This project is a comprehensive analysis and prediction of medical insurance costs based on a variety of factors. The goal is to create a model that can accurately predict insurance costs for a given individual based on their personal information.
The project uses a dataset that includes the following features:
- Age: The age of the individual.
- Sex: The gender of the individual.
- BMI: The Body Mass Index, providing an understanding of body, weights that are relatively high or low relative to height, objective index of body weight (kg / m ^ 2) using the ratio of height to weight, ideally 18.5 to 24.9.
- Children: The number of children the individual has.
- Smoker: Whether or not the individual is a smoker.
- Region: The individual's residential area in the US, northeast, southeast, southwest, northwest.
The target variable is:
- Charges: The individual's medical costs billed by health insurance.

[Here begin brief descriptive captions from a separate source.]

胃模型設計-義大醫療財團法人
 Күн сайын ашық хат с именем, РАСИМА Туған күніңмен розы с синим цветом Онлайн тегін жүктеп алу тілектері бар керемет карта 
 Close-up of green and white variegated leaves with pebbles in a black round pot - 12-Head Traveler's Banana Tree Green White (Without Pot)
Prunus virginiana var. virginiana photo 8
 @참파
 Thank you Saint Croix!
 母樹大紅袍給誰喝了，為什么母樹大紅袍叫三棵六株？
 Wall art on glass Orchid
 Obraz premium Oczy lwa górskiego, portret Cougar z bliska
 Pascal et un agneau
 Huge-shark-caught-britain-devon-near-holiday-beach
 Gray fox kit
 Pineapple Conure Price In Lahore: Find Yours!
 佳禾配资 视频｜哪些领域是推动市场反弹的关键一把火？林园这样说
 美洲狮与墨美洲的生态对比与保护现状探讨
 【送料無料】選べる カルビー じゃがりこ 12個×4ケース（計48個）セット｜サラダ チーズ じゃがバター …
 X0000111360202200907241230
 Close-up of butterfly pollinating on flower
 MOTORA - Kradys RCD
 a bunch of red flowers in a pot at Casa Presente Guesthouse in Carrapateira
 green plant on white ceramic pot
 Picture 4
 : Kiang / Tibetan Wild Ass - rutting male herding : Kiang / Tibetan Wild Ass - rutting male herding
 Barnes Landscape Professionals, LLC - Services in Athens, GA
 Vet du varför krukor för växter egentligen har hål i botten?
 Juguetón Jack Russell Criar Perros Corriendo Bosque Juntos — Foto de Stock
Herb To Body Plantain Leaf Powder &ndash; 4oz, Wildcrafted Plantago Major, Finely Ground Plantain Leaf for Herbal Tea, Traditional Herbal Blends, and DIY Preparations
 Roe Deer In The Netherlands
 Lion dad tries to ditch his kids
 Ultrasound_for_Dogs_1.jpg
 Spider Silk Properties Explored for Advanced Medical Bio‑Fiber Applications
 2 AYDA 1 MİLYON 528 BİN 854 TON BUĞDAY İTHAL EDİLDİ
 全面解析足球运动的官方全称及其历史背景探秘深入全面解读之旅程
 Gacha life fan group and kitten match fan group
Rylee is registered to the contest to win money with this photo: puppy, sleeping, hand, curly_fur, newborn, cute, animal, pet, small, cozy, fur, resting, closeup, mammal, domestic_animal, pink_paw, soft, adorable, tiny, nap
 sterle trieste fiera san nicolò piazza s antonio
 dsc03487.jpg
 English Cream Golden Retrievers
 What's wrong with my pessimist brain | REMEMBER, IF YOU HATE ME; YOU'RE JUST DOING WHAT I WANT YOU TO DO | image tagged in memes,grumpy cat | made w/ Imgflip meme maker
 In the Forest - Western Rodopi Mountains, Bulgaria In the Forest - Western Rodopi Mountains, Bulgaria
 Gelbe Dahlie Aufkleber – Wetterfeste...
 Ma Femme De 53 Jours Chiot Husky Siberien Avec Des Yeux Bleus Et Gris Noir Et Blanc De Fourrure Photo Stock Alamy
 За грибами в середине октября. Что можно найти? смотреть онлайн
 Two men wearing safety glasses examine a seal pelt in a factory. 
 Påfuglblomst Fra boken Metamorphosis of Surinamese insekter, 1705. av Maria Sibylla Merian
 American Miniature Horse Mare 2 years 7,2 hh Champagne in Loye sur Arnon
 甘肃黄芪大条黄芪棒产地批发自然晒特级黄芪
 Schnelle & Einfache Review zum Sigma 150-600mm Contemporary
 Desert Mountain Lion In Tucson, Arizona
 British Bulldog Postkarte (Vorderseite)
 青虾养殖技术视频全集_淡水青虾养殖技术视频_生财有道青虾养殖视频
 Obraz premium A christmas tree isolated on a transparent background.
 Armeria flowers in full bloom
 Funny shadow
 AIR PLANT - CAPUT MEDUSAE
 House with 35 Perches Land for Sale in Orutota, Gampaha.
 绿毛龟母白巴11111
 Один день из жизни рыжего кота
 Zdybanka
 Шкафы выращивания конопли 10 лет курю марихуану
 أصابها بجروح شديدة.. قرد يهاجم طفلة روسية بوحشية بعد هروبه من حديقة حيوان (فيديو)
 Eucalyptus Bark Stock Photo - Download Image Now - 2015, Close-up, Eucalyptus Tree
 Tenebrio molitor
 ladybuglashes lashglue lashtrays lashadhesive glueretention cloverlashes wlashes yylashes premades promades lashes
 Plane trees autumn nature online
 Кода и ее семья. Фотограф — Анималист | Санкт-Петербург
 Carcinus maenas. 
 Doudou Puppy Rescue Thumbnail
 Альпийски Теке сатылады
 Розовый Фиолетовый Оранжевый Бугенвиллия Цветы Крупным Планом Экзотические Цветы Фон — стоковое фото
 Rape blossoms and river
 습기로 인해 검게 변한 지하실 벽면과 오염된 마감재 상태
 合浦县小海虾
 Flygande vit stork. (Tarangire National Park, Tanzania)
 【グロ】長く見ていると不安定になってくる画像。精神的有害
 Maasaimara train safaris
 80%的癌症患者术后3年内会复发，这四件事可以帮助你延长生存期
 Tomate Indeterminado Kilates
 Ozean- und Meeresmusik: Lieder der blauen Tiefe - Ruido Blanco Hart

The project involves several steps:
-
Data Preprocessing: The data is cleaned and preprocessed. This involves handling missing values, outliers, and categorical variables.
-
Exploratory Data Analysis (EDA): EDA is performed to understand the distribution of data, the relationship between different variables, and find any interesting observations.
-
Model Building: Several regression models are built and their performance is compared. The models include linear regression, decision tree regression, random forest regression, and more.
-
Model Evaluation: The models are evaluated using appropriate metrics and the best performing model is selected.
-
Model Interpretation: The predictions of the model are interpreted using SHAP values. This helps in understanding the contribution of each feature towards the prediction.
The model is deployed as a web application using Streamlit. The user can input their details and the application will predict their medical insurance costs.
Future work includes improving the model performance by trying out different models, feature engineering, and hyperparameter tuning. Also, the web application can be improved by adding more features and making it more user-friendly.